[RECORDS FOR THE TASK]:
──────────────────────────────

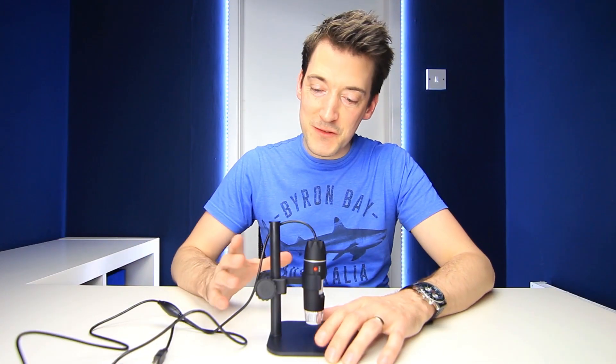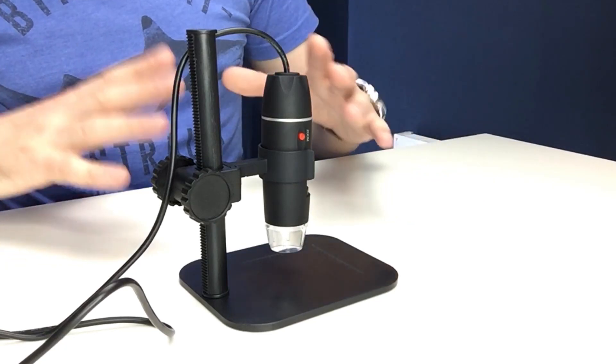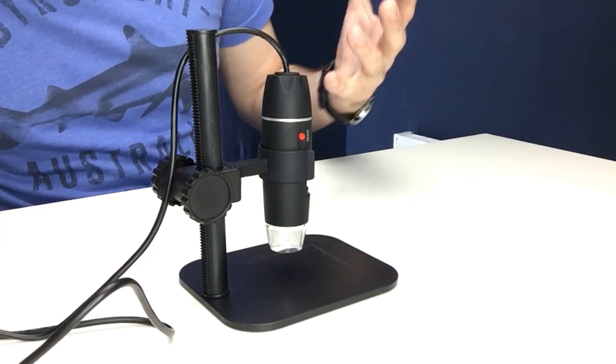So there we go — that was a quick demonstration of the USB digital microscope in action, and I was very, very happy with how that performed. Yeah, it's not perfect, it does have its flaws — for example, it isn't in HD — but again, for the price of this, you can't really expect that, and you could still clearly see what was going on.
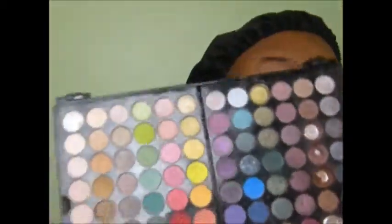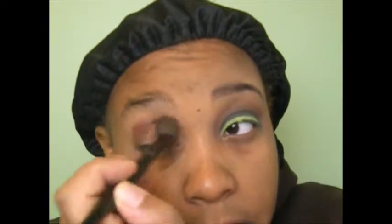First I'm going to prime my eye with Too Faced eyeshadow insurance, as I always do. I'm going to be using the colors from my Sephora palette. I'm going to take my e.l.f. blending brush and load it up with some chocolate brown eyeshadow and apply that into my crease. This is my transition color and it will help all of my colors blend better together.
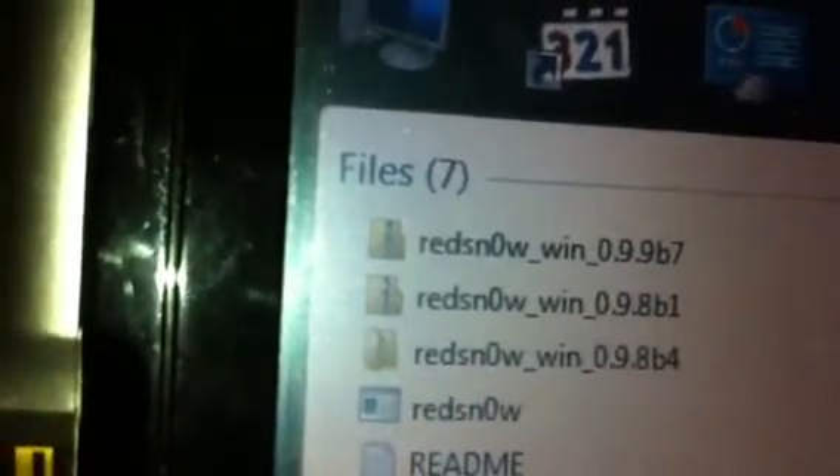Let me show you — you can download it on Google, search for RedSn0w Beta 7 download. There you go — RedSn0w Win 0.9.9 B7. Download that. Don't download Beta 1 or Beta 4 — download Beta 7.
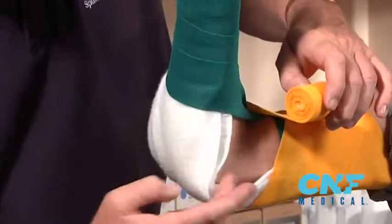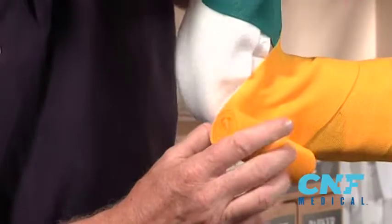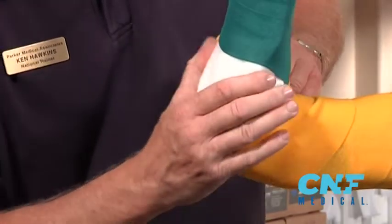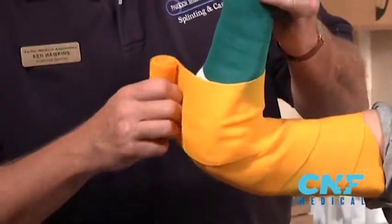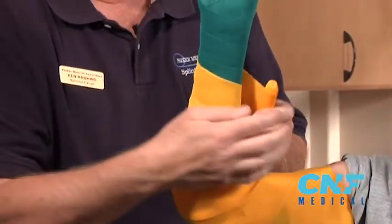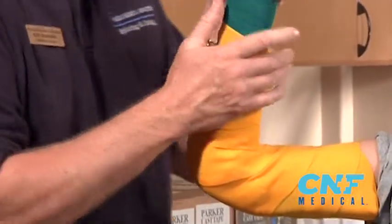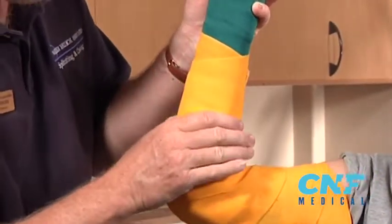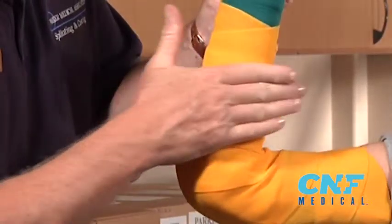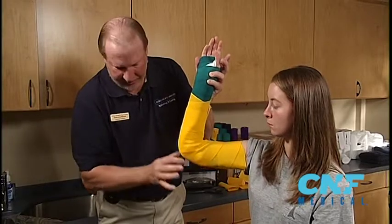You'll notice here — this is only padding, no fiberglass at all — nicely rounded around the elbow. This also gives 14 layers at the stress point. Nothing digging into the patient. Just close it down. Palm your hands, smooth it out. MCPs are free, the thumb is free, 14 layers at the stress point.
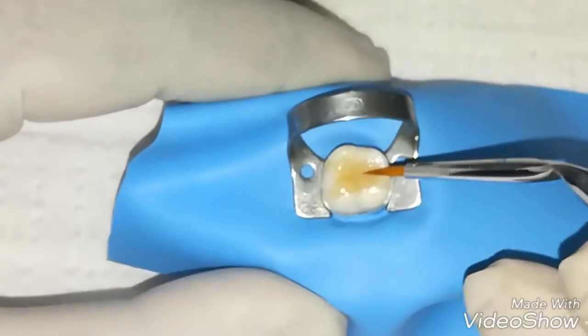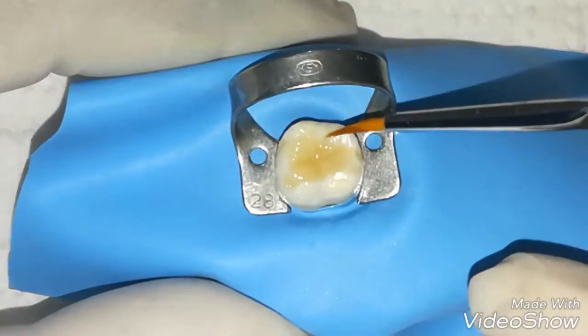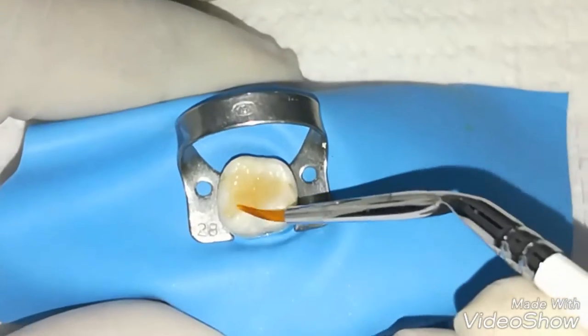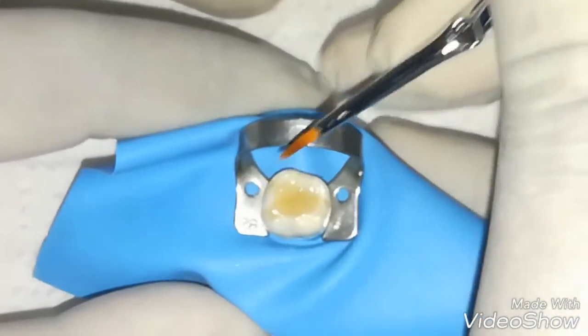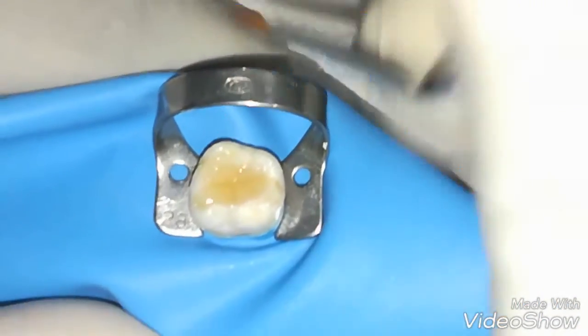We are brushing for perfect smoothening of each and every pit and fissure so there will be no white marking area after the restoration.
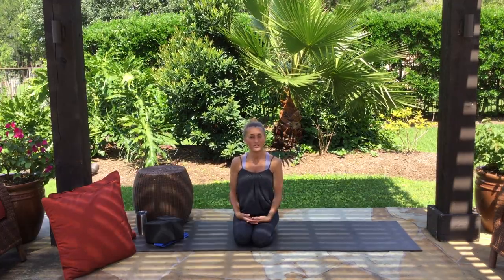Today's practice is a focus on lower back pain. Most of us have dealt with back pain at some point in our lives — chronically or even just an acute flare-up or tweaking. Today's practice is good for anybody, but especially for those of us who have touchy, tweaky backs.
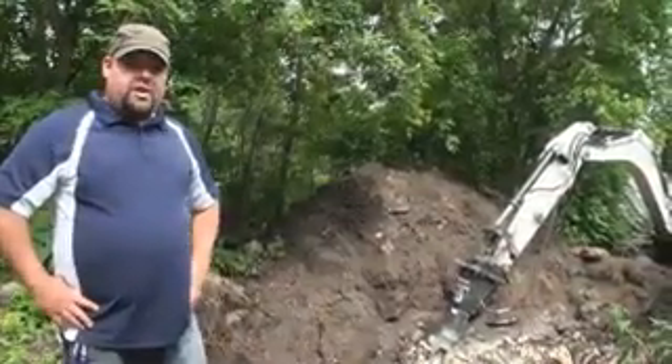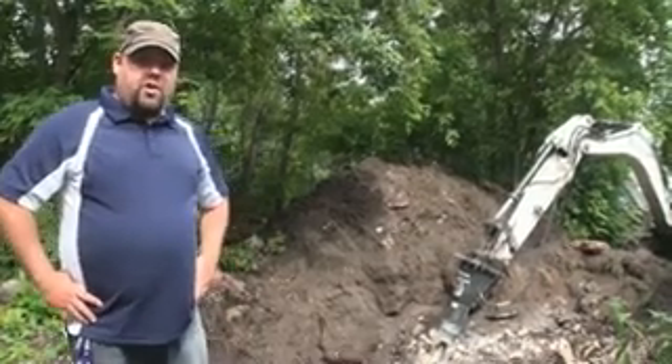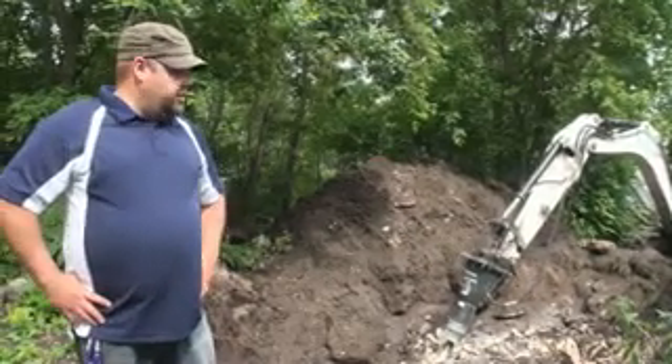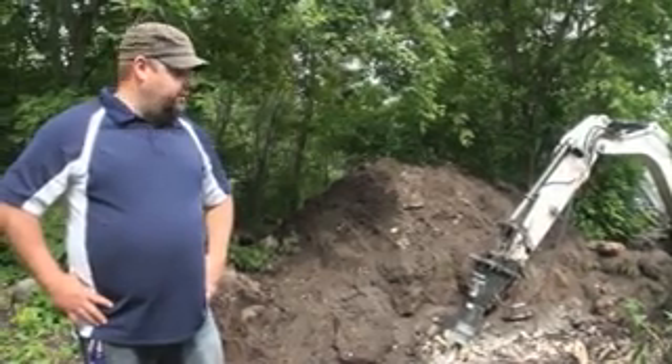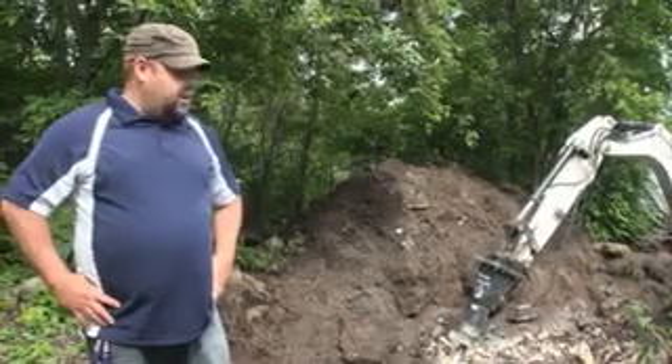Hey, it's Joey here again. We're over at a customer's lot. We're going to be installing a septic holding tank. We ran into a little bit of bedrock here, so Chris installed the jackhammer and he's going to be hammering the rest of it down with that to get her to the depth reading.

──────────────────────────────

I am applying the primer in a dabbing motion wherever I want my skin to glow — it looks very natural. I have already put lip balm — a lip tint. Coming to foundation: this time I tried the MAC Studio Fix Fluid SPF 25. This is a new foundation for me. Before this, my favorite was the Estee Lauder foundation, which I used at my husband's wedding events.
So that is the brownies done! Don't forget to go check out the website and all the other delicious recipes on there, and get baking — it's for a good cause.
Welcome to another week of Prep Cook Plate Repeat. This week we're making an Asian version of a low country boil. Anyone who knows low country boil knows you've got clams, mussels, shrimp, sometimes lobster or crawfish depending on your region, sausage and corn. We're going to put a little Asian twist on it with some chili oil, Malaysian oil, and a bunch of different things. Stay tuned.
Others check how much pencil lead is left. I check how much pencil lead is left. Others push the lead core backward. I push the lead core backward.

──────────────────────────────

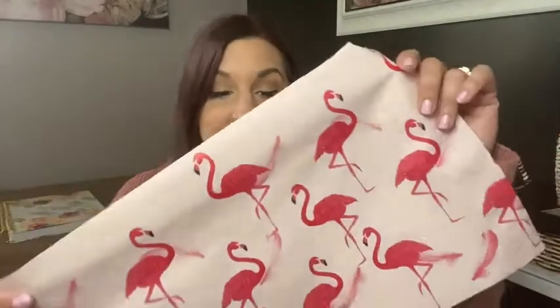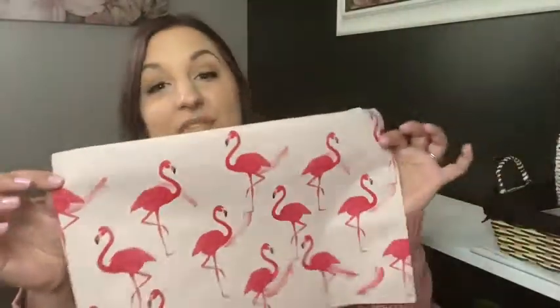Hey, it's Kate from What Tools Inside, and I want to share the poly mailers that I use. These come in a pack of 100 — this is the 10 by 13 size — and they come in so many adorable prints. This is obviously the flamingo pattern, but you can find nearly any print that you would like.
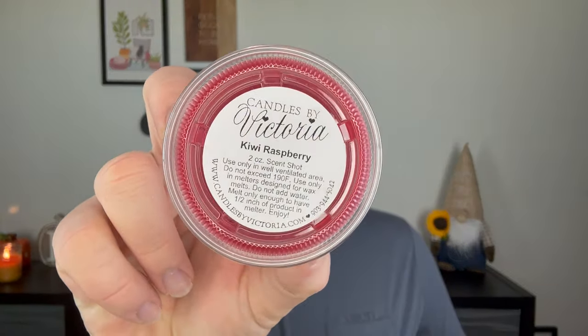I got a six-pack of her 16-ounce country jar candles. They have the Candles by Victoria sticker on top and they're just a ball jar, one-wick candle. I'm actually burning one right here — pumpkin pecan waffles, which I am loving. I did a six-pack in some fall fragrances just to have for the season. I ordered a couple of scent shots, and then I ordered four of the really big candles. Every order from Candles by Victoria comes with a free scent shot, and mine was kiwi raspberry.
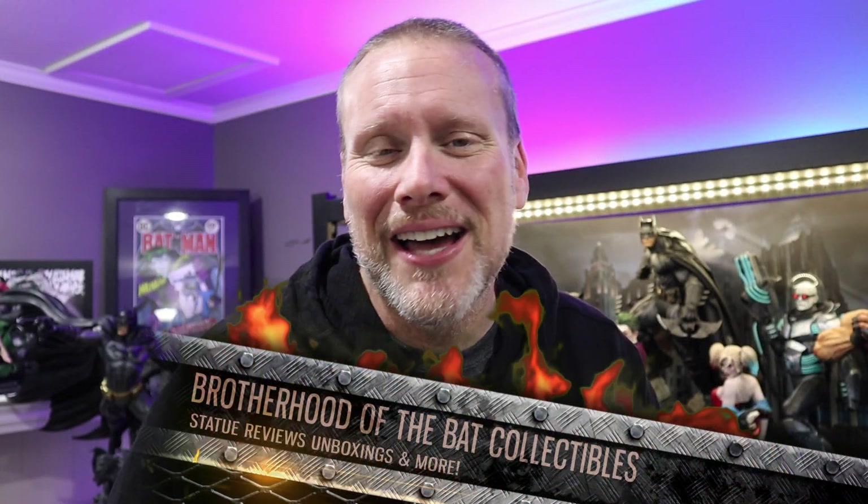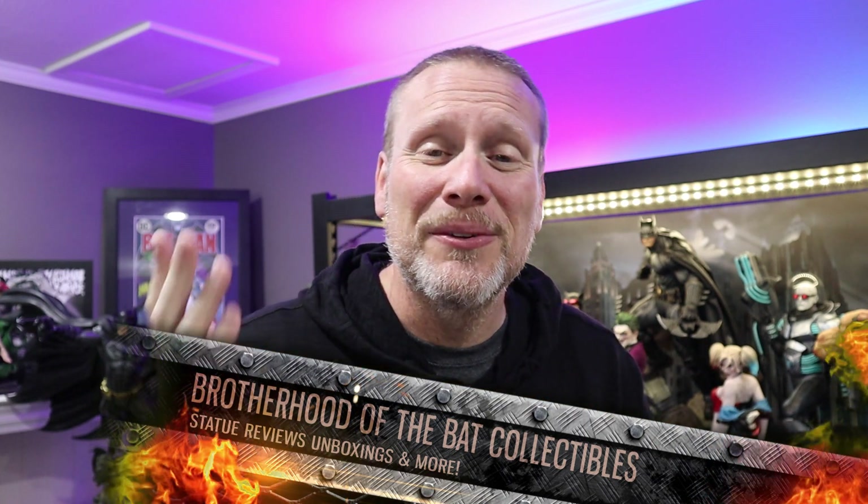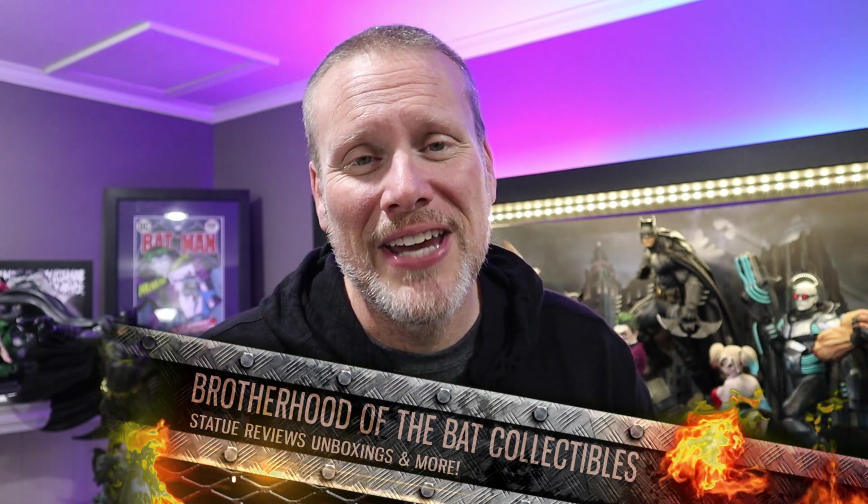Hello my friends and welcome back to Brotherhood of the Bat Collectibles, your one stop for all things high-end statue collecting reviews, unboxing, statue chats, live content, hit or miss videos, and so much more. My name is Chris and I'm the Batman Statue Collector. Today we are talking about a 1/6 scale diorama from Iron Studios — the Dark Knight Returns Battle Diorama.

──────────────────────────────

[AIM OF THE EXERCISE]: Print from the line containing "So there we" through the line containing "Let me show" in the data above, exactly as the lines stand, and omit every picture.

[RESPONSE BOX]:
So there we go — that was a quick demonstration of the USB digital microscope in action, and I was very, very happy with how that performed. Yeah, it's not perfect, it does have its flaws — for example, it isn't in HD — but again, for the price of this, you can't really expect that, and you could still clearly see what was going on.
First I'm going to prime my eye with Too Faced eyeshadow insurance, as I always do. I'm going to be using the colors from my Sephora palette. I'm going to take my e.l.f. blending brush and load it up with some chocolate brown eyeshadow and apply that into my crease. This is my transition color and it will help all of my colors blend better together.
Let me show you — you can download it on Google, search for RedSn0w Beta 7 download. There you go — RedSn0w Win 0.9.9 B7. Download that. Don't download Beta 1 or Beta 4 — download Beta 7.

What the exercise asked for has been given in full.